2. Concentrate the Authority to Allocate Budgets in the Prime Minister’S Office: Top-Down Expenditure Reduction
Under the current system, the Ministry of Finance is responsible for screening budgets. To facilitate bolder and more balanced budget formulation, a body for budget formulation needs to be established within the prime minister’s office. It will be necessary to eliminate resistance from ministries and agencies vying for funds and explain to the public the need to increase revenue and cut expenditure.
3. Provide Incentives to Ministries and Agencies to Reduce Expenditure: Bottom-Up Expenditure Reduction
Bureaucrats tend to do their utmost to secure budgets and express heavy resistance to reducing them. This problem is rooted in the system for public servants. Bureaucrats who increase their organi
zation’s budget and the work it performs earn praise, win promotions, and become vice-ministers. This cycle needs to be reversed. An organizational reform needs to be implemented in which an incentive system is introduced bureaucrats who reduce their budgets and work are. A project screening mechanism should be established as an internal process for reviewing government projects by ministries and agencies, and a PDCA cycle for the budget should be incorporated into it, with the results being clearly reflected in the formulation of budgets for the next and subsequent fiscal years.

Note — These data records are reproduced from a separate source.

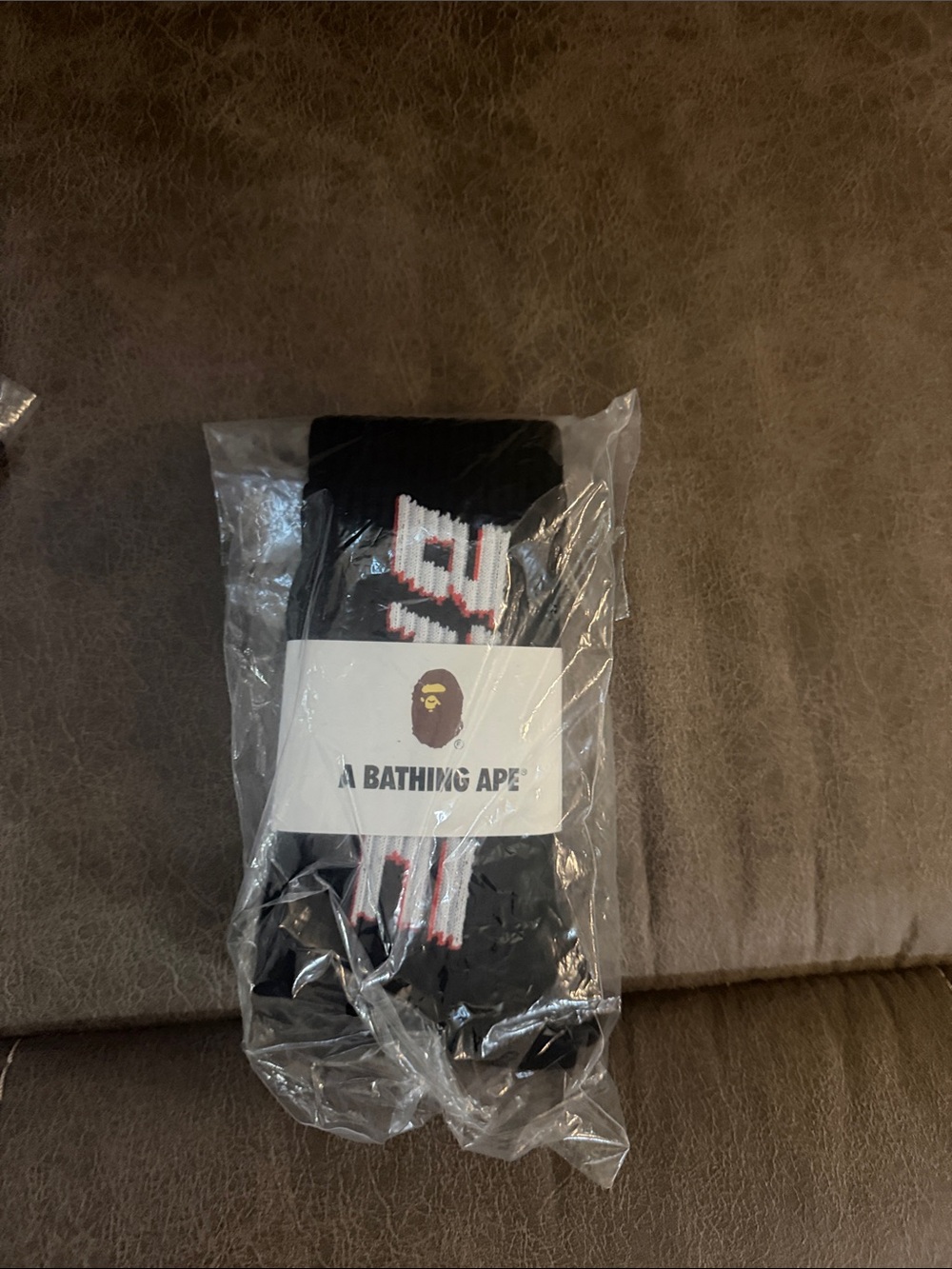 A Bathing Ape Black Logo Crew Socks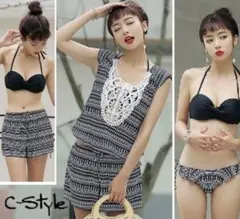 M ブラック パターン柄 ビキニ 4点セット 短パン レディース 水着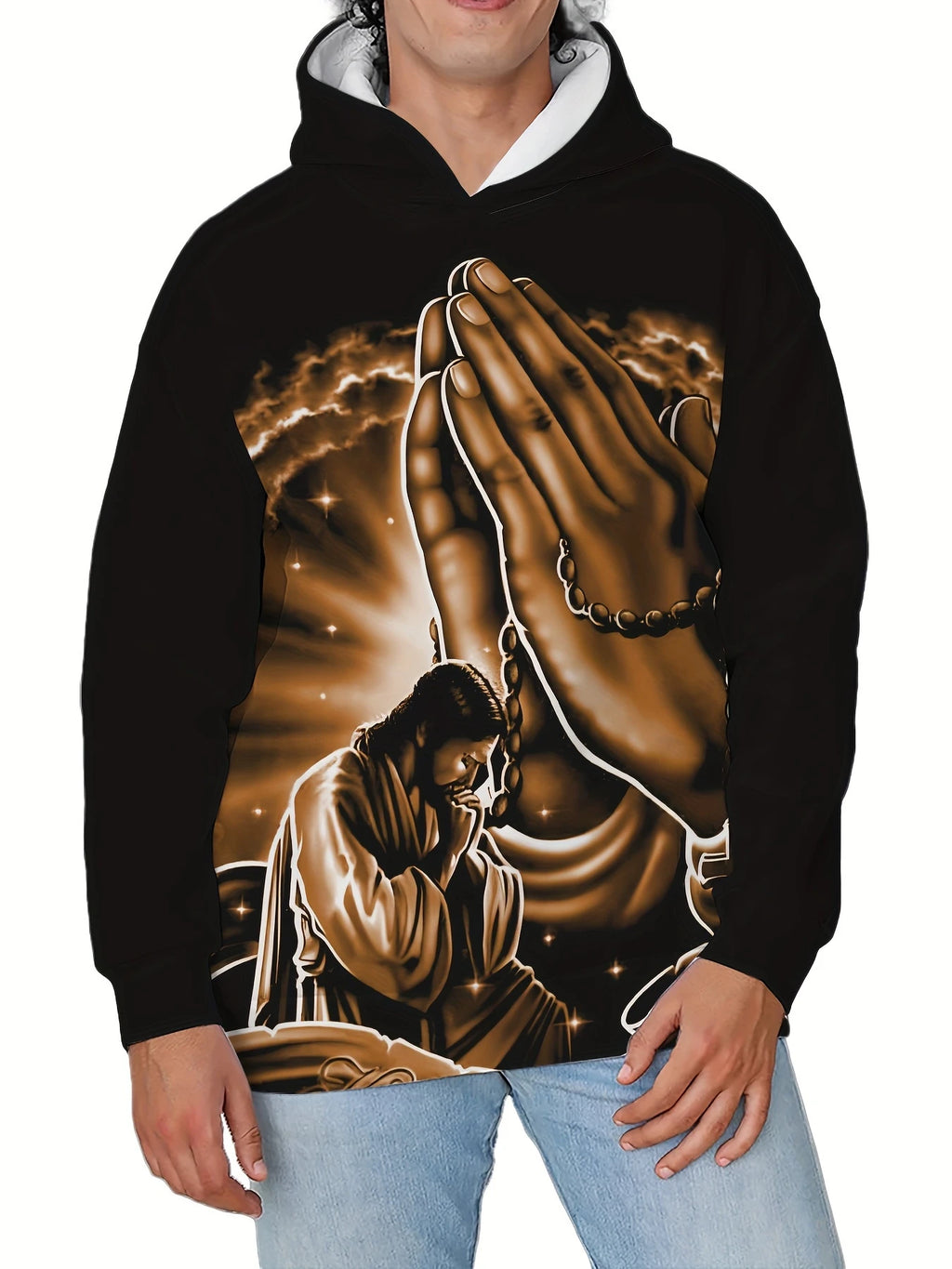 Man Hoodie Jesus Print Sweatshirts Long Sleeve Fall Spring Hoodies Casual Pullover Outdoor Oversized Tops Childs Men's Clothing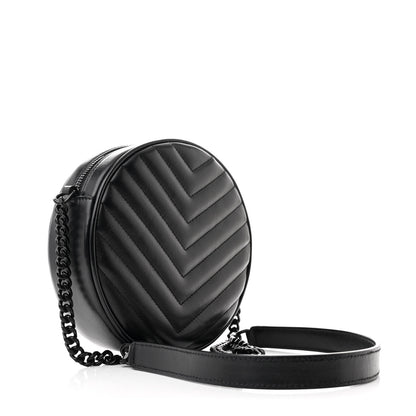 Saint Laurent Calfskin Matelasse Chevron Round Vinyle Camera Bag Black 3 of 10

4. Scrap the System of Local Allocation Tax Grants and make Consumption Tax a Source of Funds for Local Governments. Revamp the System to Make Local Governments Compete with Each Other to Increase Revenue and Reduce Expenditure
At present, local governments received approximately 17 trillion yen in local allocation tax from the national government. To give each local government the incentive and freedom to increase revenue and reduce expenditure, one idea is to scrap the current local allocation tax system, make consumption tax a local tax, and give local governments taxation autonomy. The key point is to have local governments come up with ideas and make efforts to boost tax revenue and cut expenditure. Fukuoka City is endeavoring to increase tax revenue by invigorating its economy. For example, it is providing assistance to entrepreneurs. Meanwhile, Chiba City is reducing expenditure by boldly reforming its subsidy schemes. Under the current system, the heads of local governments are given too little freedom. Their motivation to come up with fresh ideas and work hard is being eroded. If the leaders of prefectures and municipalities become more like corporate executives, take risks, and strive to invigorate their regions, this will increase revenue for Japan as a whole and improve the fiscal situation.